[Available data — start]

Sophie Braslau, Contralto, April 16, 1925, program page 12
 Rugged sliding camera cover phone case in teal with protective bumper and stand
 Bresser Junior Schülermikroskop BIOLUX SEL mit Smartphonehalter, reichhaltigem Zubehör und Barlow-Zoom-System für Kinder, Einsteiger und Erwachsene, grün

[Available data — finish]

## Exercise:
Print nothing except the lines from the line containing "Rugged sliding camera" to the end of the listing, exactly as written.

## Exercise solution:
 Rugged sliding camera cover phone case in teal with protective bumper and stand
 Bresser Junior Schülermikroskop BIOLUX SEL mit Smartphonehalter, reichhaltigem Zubehör und Barlow-Zoom-System für Kinder, Einsteiger und Erwachsene, grün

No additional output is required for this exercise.